How silently they guide you when you lose your way?
Our memories are vast pools they bathe in. They renew
their lives within the waters of the dreams we threw
away. Their memories are thin as cobweb, flashing like a day,
then gone. All they have to hold them here is you–
and me–so we must be careful what we say

about the dead, about the ones who’ve gone before. We say
they’re just a vapor, just a mist, a feather that will weigh
less than a living soul. But we know, me and you,
how light is heavy, how old is new,
how they continue to exist beyond their days,
and how the weight of our own memories brings them through.

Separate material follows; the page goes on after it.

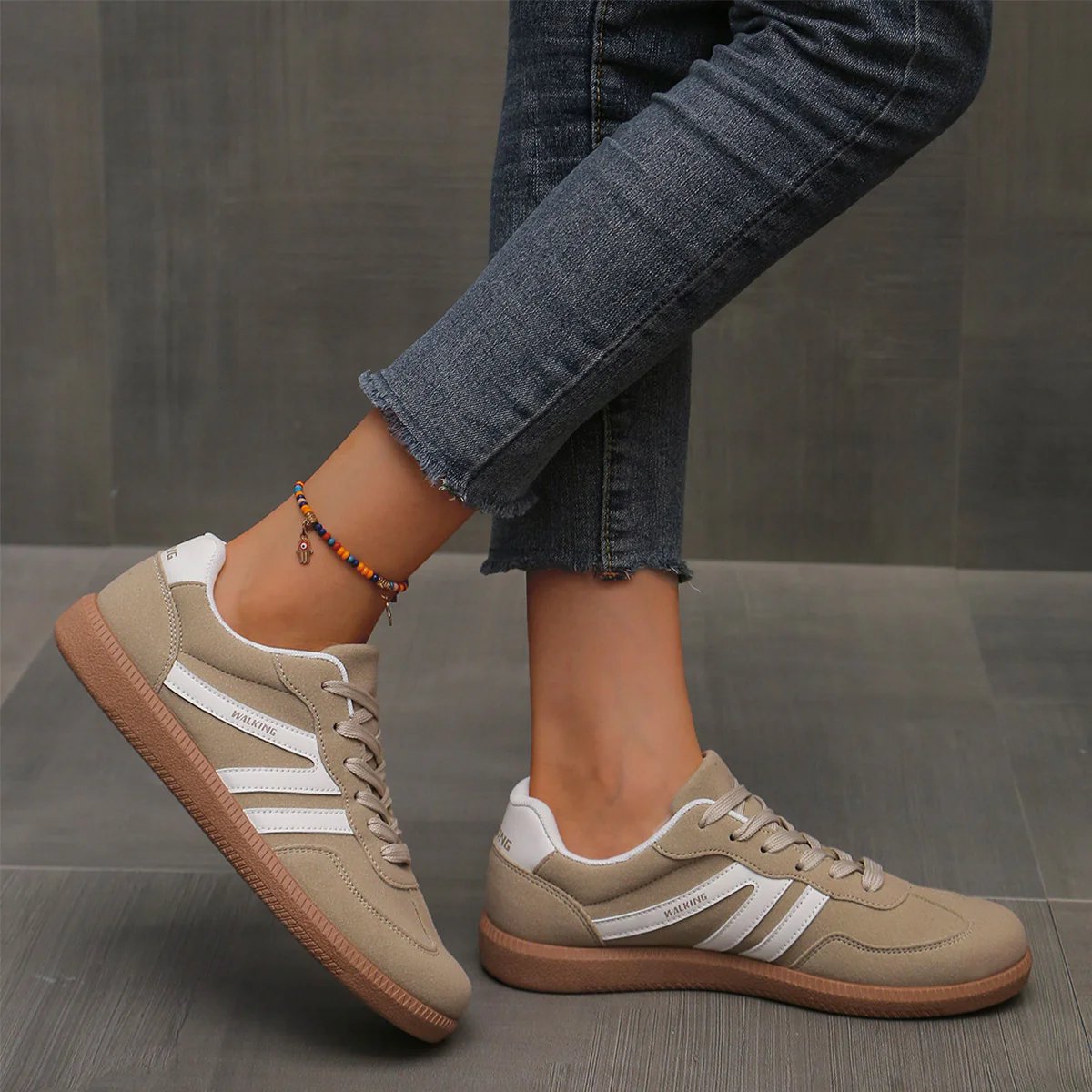 Low Top Lace Up Paneled Round Toe Flat Sneakers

And so we speak the names of saints and our beloveds, through
the long nights of the Hallowed Days, we say
their names, we keep them real, we mark the days
and help them through the veil to find their way
back to our joyful tables, set with bread and wine and new
candles. Look how they glow and hover around you.

I will keep this night along with you
and listen as the music whispers through
the mists that rise across the veil, new
pathways drawn between us. We can say
that finally we have found our way
between the curtains and into a new day.

Tomorrow you will step into another day,
find the way between, the way through, find your way
into a new dawn, full of light. You’ll have new names to say.


I needed a brain diversion today, and so I pulled up two Rilke autumn poems and translated them into English. I had forgotten how satisfying translation is.

An Autumn day (Herbsttag)
by Rainer Maria Rilke
translation by E. A. Weaver-Kreider

Lord: it is time. The summer was so long.
Lay your shadow upon the sundials,
and set the winds loose upon the fields.

Command the final fruits to ripen;
give them yet two southerly days,
urge them to fullness and coax
the last sweetness into the earnest wine.

Whoever has no home, has now no time to build.
Whoever is alone, will stay alone a while,
will awaken, read, write long epistles
and in the alleys here and there
will wander, while the leaves drift by.

Fall (Herbst)
by Rainer Maria Rilke
translation by E. A. Weaver-Kreider

The leaves are falling, falling as if from far away,
as if they’ve withered in the distant gardens of the heavens;
they are falling in the gesture of denial.

And through this night the heavy Earth is falling
away from all the stars in lonely space.

We all are falling. This hand falls.
And look at the other one: falling is in everything.

And yet there is One who holds all this falling
in infinitely tender hands.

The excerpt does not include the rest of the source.